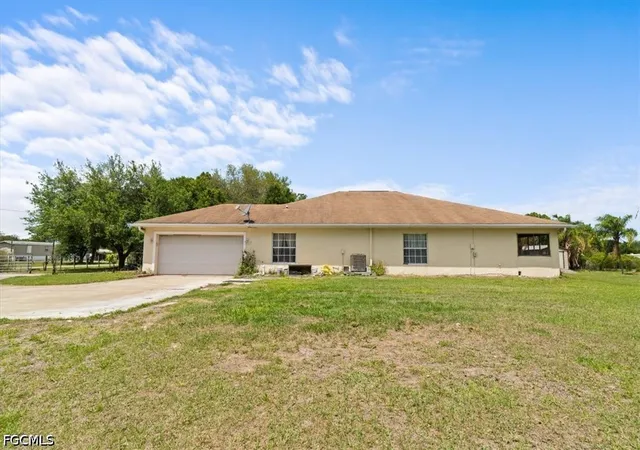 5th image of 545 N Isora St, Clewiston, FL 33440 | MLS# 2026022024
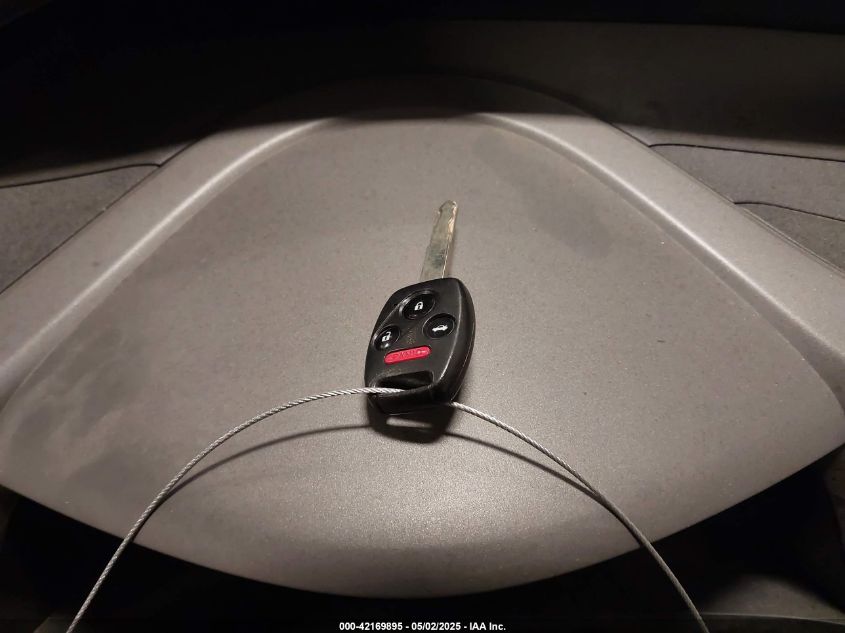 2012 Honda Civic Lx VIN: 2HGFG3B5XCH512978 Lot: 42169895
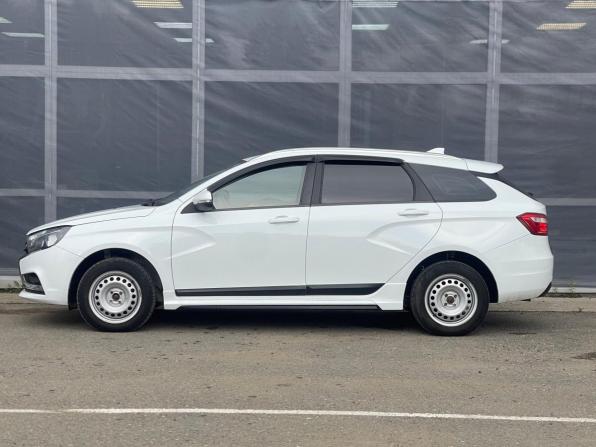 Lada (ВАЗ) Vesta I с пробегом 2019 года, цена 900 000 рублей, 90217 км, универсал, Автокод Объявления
────────────────────
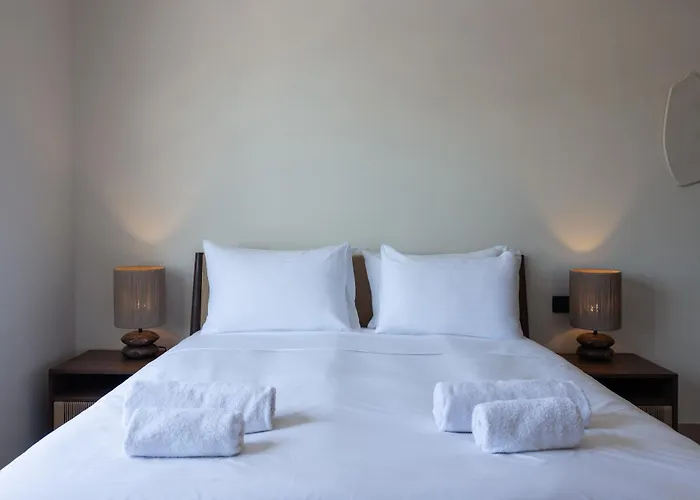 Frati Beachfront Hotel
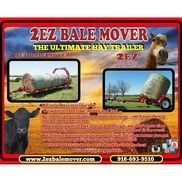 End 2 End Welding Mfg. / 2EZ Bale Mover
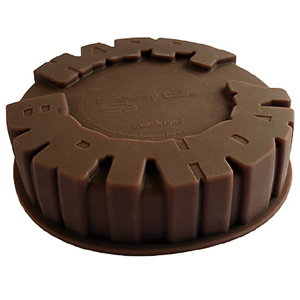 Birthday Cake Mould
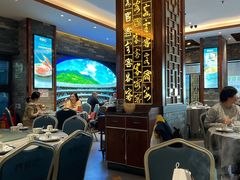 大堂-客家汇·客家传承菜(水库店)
────────────────────
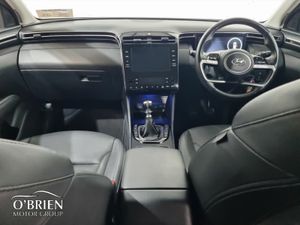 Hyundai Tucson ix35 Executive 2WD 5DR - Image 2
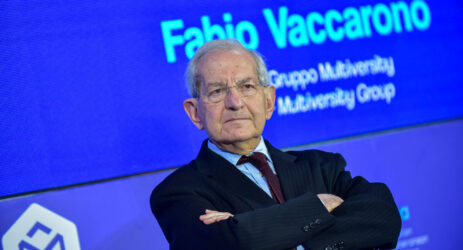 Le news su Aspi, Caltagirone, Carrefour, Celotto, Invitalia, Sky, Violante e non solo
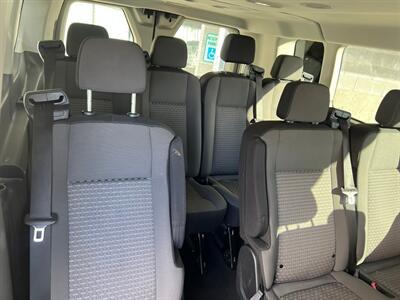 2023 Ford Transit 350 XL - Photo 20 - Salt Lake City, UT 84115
────────────────────
In the records above, copy exactly everything from the line that has "2012 Honda Civic" down to the line that has "Lada (ВАЗ) Vesta", both ends included, and leave out the pictures.

 2012 Honda Civic Lx VIN: 2HGFG3B5XCH512978 Lot: 42169895
 Lada (ВАЗ) Vesta I с пробегом 2019 года, цена 900 000 рублей, 90217 км, универсал, Автокод Объявления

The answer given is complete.